:: INPUT FOR THIS TASK ::
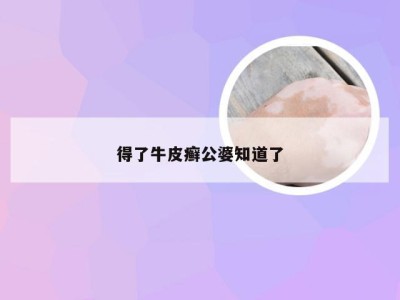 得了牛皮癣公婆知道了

--

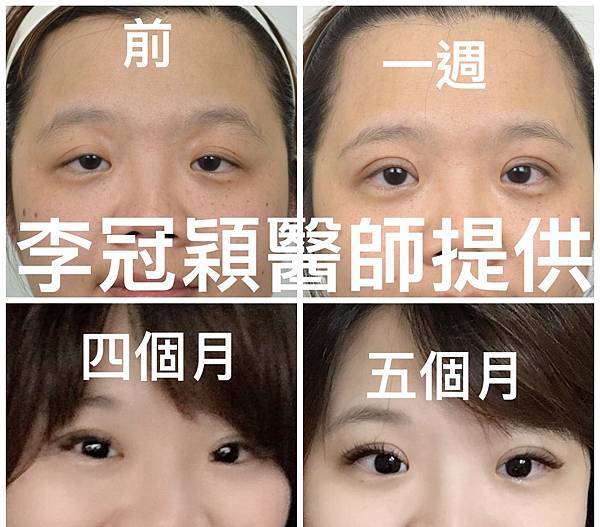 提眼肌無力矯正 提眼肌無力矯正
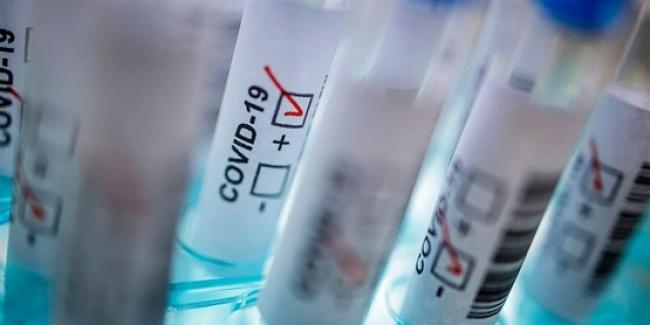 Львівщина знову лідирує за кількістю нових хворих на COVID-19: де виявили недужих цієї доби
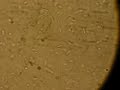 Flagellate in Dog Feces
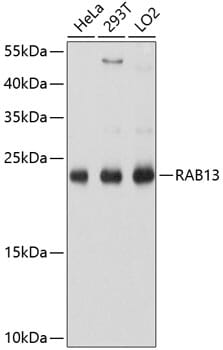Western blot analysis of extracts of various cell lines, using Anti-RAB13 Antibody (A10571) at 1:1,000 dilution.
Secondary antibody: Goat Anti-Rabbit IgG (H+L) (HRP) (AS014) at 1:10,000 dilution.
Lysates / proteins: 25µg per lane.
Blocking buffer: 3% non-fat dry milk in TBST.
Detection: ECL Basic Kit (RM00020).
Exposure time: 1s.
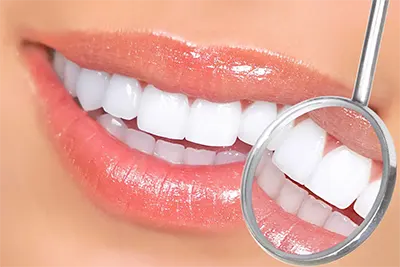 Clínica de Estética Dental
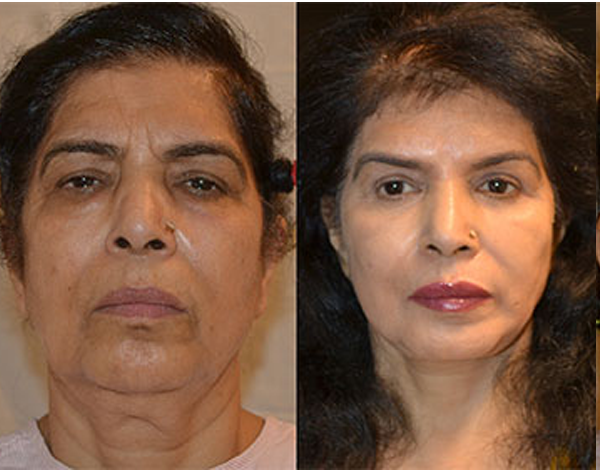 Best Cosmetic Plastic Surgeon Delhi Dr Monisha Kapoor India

:: WHAT TO DO ::
Every line above from the one with "Clínica de Estética Dental" down to the one with "Best Cosmetic Plastic" must be written out exactly, and no picture may appear.

:: ANSWER TO THE PROBLEM ::
 Clínica de Estética Dental
 Best Cosmetic Plastic Surgeon Delhi Dr Monisha Kapoor India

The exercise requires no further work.